▸ EXERCISE GOAL: Beginning with the first line of the material, set down each line exactly as written, up to and including the line with "Chic Comic Stainless Steel Laser Ring".

▸ EXTRACTED MATERIAL:
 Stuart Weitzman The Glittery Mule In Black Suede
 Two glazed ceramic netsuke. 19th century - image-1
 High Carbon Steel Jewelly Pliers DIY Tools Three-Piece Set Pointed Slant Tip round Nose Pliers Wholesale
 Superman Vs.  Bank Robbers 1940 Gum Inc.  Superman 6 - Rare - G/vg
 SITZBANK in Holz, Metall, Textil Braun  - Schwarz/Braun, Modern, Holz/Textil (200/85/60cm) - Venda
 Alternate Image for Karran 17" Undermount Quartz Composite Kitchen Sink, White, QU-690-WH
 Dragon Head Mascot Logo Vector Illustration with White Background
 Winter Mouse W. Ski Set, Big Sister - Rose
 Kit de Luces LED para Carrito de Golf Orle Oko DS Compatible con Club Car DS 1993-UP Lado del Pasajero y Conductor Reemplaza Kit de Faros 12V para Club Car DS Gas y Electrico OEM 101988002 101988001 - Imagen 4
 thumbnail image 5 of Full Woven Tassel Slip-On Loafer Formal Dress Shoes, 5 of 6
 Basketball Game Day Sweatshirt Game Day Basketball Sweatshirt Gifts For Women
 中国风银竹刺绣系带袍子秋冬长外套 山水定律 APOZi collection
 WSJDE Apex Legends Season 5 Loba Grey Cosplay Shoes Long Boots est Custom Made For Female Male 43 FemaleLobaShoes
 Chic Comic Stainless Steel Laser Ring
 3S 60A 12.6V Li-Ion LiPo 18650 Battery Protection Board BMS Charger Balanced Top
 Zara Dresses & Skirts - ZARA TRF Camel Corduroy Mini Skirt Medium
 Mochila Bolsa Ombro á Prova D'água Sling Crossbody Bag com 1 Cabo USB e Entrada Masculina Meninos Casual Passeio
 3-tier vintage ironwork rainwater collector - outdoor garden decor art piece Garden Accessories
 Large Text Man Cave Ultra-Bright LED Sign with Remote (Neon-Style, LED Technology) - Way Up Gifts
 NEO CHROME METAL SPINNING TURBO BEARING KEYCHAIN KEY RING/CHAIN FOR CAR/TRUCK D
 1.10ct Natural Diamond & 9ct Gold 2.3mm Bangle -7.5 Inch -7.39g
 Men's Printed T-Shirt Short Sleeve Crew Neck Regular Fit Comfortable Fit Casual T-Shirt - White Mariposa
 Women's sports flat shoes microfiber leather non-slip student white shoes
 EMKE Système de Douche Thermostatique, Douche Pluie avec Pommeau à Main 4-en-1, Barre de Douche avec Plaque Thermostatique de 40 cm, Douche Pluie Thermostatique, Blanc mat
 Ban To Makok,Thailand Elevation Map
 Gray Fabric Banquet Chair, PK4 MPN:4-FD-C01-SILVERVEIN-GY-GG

▸ YOUR SOLUTION:
 Stuart Weitzman The Glittery Mule In Black Suede
 Two glazed ceramic netsuke. 19th century - image-1
 High Carbon Steel Jewelly Pliers DIY Tools Three-Piece Set Pointed Slant Tip round Nose Pliers Wholesale
 Superman Vs.  Bank Robbers 1940 Gum Inc.  Superman 6 - Rare - G/vg
 SITZBANK in Holz, Metall, Textil Braun  - Schwarz/Braun, Modern, Holz/Textil (200/85/60cm) - Venda
 Alternate Image for Karran 17" Undermount Quartz Composite Kitchen Sink, White, QU-690-WH
 Dragon Head Mascot Logo Vector Illustration with White Background
 Winter Mouse W. Ski Set, Big Sister - Rose
 Kit de Luces LED para Carrito de Golf Orle Oko DS Compatible con Club Car DS 1993-UP Lado del Pasajero y Conductor Reemplaza Kit de Faros 12V para Club Car DS Gas y Electrico OEM 101988002 101988001 - Imagen 4
 thumbnail image 5 of Full Woven Tassel Slip-On Loafer Formal Dress Shoes, 5 of 6
 Basketball Game Day Sweatshirt Game Day Basketball Sweatshirt Gifts For Women
 中国风银竹刺绣系带袍子秋冬长外套 山水定律 APOZi collection
 WSJDE Apex Legends Season 5 Loba Grey Cosplay Shoes Long Boots est Custom Made For Female Male 43 FemaleLobaShoes
 Chic Comic Stainless Steel Laser Ring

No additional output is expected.